DOMINIQUE SANTINI

« C’est notre histoire à nous, les mineurs de Canari »

Dominique Santini a été exposé aux fibres d’amiante pendant 4 ans, de 1962 à 1965. Il est atteint de plaques pleurales.

Quand on voit la date des examens arriver on angoisse. J’ai vu souffrir mon père. J’ai toujours vécu ici, il reste à peine une dizaine de personnes ayant travaillé à la mine encore en vie, mais elles aussi sont touchées. Ces anciens ouvriers ont aujourd’hui environ 85 ans.
J’étais à l’ensachage. On mangeait de l’amiante. Si nous avions su, nous ne serions jamais rentrés dans cette usine.
On jouait avec l’amiante. Après huit heures de boulot, on avait le nez et les oreilles bouchés par la poussière.
Sur nos postes de travail à environ 2 mètres on ne se voyait plus. Après 4 heures et après un balayage il y avait un tapis de 20 cm d’épaisseur. J’ai entendu un père dire à son fils « augmente l’oxygène, je ne peux plus respirer ». Le pauvre il n’a pas tenu longtemps il est mort.

J’ai des difficultés à respirer, j’ai « la trouille ». Des gars en pleine forme au mois d’août sont morts en octobre, c’est foudroyant !
Quand l’usine a fermé tout le monde a eu peur de l’avenir. L’usine est toujours pareille, cela fait 40 ans que l’on parle de la faire tomber mais il faut des sous.
Il y a eu des continentaux à qui l’employeur payait le voyage retour une fois par an pour les vacances. Ici ils étaient bien ils pêchaient ils chassaient, ils ont pleuré quand il ont dû partir. D’autres ont vite compris ce qui les attendait, et sont repartis par le premier bateau...
Au cours des contrôles médicaux on ne nous trouvait jamais rien, RAS.
Thalassa a fait un reportage il y a 4 ans, tous ceux qui étaient là ce jour là sont morts. Pour moi on a servi de cobaye.
A l’époque j’avais 20 ans. Dans mon équipe tous sont morts du chef d’équipe au contrôleur. Ça fait mal, on s’était fait des amis mais il n’y a plus personne.

Mon frère est mort à 60 ans juste à la retraite. Il a été hospitalisé pour des problèmes respiratoires, il était épuisé, il m’a dit « je sors dimanche » mais il a du être réanimé et il n’est jamais ressorti vivant de l’hôpital. Quand je rentrais de l’usine, j’époussetais mes vêtements et secouais par la fenêtre les sacs d’amiante que je ramenais à ma mère pour qu’elle les raccommode. Dans le village tout le monde a mangé de l’amiante. C’est notre histoire à nous les mineurs de Canari .

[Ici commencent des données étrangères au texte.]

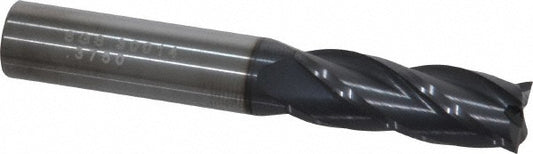 Kyocera SGS Precision Tools 30014 Square End Mill 3/8" Dia, 1" LOC, 4 Flute, Solid Carbide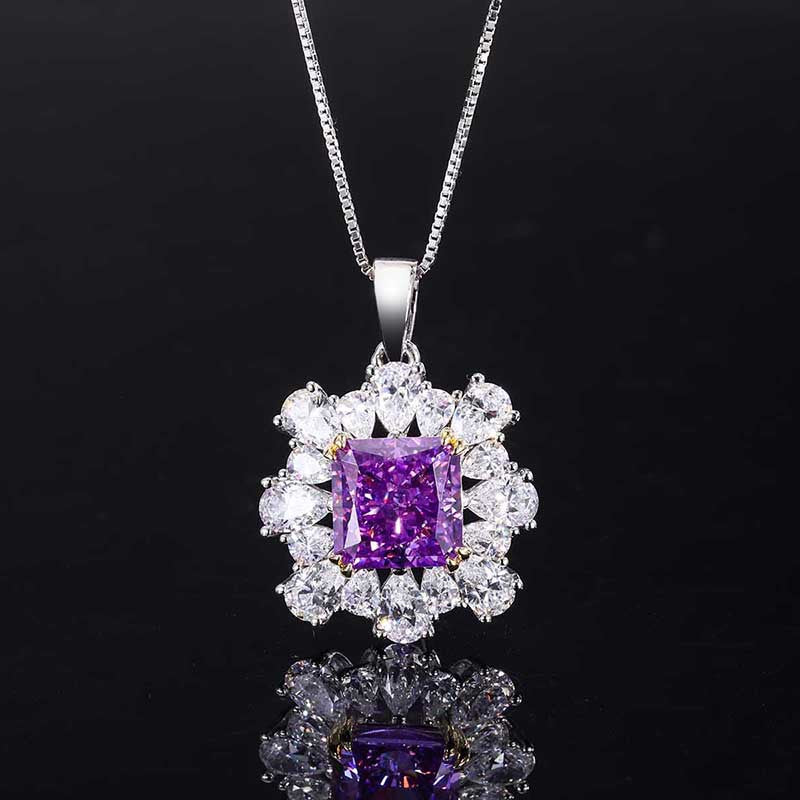 2023 retro style hot selling high carbon diamond radiant cut 10*10 purple diamond hand inlaid set S925 silver-Mix MIx Style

ARMAND GUERRA, maire de Canari

« A la fermeture de l’usine, on voyait l’amiante au fond de l’eau »

Monsieur Guerra a travaillé à la mine de 1959 à 1964 à la fonction d’acheteur. Il s’occupait aussi du transport de l’amiante et était souvent au chargement. Il n’a aucune pathologie de l’amiante.

A l’époque il y avait 1000 habitants, on était heureux, on avait du travail, nous faisions des fêtes et il régnait une ambiance joyeuse. On allait d’un village à l’autre notamment à Albo, et on se retrouvait souvent entre famille de collègues de travail surtout à Canari qui était la plus animée.

Au travail il y avait des différences entre l’encadrement et les ouvriers, entre les salariés d’encadrements et de l’administratif, il y avait certaines réserves. J’ai découvert les risques de l’amiante en 1963, lorsque des radios sont arrivées par erreur (...!) dans les mains d’un syndicat, alors cela a jeté un froid et on a dénombré des cas d’asbestose de personnes qui travaillaient à la mine depuis une quinzaine d’années. De là, on a essayé de faire venir un médecin du travail, la DDASS, il y a eu aussi quelques mouvements sociaux mais très peu de grèves.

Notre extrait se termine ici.